The agency in this example didn’t understand that we need as much data as their valuer needed to form a complete picture of the operation, retention potential, carrier position and stability, book of business and its profitability (for contingency considerations), and a myriad of other issues. They also didn’t understand that the price of an agency is based on, but not limited to, its Market Valuation. Extended terms, retention contingency, and many other variables can extend (or contract) the price offered based on a static valuation.
So, by not providing this information, they stymied a serious buyer from providing a fair price for their business.
How was this issue resolved?
We created a pro-forma cash-flow analysis from the financial data provided and extended an offer, albeit vague, for the agency based on the conduct of due diligence after the acceptance. Pricing and terms were discussed, but assumptions were also covered in the Letter of Intent that would not otherwise have been needed if all agency information had been provided at the outset. If the assumptions were proven inaccurate, the buyer had the right to amend the offer prior to closing.
Both the buyer and seller would’ve preferred a cut-and-dried offer and acceptance but Due Diligence couldn’t be avoided. Either it would be done before the offer or between the offer and closing. Court cases have often blossomed when anomalies and inaccuracies are identified long after the contract is closed. The worst-case scenario involves cash deals in which the actual statistics or facts of the agency are different than represented.
SO WHAT IS 'DUE DILIGENCE’?
Due diligence is the analysis of all phases of an agency’s operation from a buyer’s standpoint.
Yes, financial information is important. If you have historical data (five years) for commission income and total revenue and can determine how this revenue flowed (retention of accounts, hard market increases, pure growth, book of business acquisitions), you can t estimate the effect of the future on this revenue flow to determine how it’ll react in the hands of the buyer.
Similarly, analyze expenses to determine what recurring expenses will be assumed by the buyer versus non-recurring or personal expenses that will be eliminated by a change of ownership.

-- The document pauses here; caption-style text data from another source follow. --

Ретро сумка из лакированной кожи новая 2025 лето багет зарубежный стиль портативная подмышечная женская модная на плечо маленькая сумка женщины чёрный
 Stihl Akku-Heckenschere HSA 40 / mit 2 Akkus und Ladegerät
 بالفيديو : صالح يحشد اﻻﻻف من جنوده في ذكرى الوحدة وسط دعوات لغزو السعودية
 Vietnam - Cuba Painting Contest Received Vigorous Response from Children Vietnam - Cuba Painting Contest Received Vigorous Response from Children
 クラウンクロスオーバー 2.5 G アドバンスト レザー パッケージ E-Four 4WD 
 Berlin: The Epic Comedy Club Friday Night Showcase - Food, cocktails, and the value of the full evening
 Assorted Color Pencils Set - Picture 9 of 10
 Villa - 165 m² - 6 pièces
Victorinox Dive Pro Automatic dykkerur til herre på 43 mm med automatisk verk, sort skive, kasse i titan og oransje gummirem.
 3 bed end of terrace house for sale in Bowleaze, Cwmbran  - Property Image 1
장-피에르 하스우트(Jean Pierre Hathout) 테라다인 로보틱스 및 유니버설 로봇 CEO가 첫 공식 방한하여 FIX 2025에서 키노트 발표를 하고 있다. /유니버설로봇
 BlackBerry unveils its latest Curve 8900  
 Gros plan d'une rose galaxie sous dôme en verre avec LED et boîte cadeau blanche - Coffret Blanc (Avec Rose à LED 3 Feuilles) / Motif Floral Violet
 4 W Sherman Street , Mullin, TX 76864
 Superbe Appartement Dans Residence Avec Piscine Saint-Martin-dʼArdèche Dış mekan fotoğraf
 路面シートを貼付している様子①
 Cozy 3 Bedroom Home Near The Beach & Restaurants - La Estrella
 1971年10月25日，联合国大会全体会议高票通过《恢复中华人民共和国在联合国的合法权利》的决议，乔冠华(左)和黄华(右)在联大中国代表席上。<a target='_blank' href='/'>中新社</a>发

The net result will be a profit stream (earnings, after taxes) that will be used as the basis of value and price.
Now, the non-financial due diligence can begin.
We break our due diligence into 17 Segments:
- Profitability — Pro-forma earnings potential.
- Revenue Growth — Both historical and potential growth.
- Account Concentration — Book of Business analysis by line, including volumes and loss ratios.
- Carriers and Markets — Similarities, differences, and complimentary and conflicting carriers with historical loss ratios, growth trends, and specialties.
- Compensation — How are employees and producers compensated compared to your own?
- Specialization — Areas of specialty, relationship of specialty to departing owners and to purchaser’s agency.
- Retention — Measured by Customers, Policies, Premium, and Commissions.
- Performance vs. Industry and your own agency — Productivity (Revenue, Compensation, and Spread per employee and expense ratios).
- Organizational Structure — compare and contrast to your own.
- Succession Plan — Are senior managers and/or their replacements in place?
- Personnel Quality — Evaluation of existing personnel.
- Receivables — Condition of historical as well as current receivables and Bad Debt potential.
- Training and Professional Development of employees.
- Size and Stability — Are economies of scale possible?
- Liquidity — An evaluation of Balance Sheet liquidity ratios is essential, especially in corporate purchases,
- Automation and Other Systems — Procedures and systems in place, manual and automated, and the degree of training and acceptance of them
- Marketing and Sales — Advertising and marketing efforts carried out, sales professionalism and aggressiveness.
Our assessment of risk that adds or subtracts from a Market Value estimate is based on these categories. Our valuation analysis includes 10 to 20 for each of these categories to determine risk and value potential. We urge all agents — whether they’re using professional help or performing their own assessments — to at least consider each of these areas in the Due Diligence that will permit them to assess the true earnings potential of any acquisition or merger potential.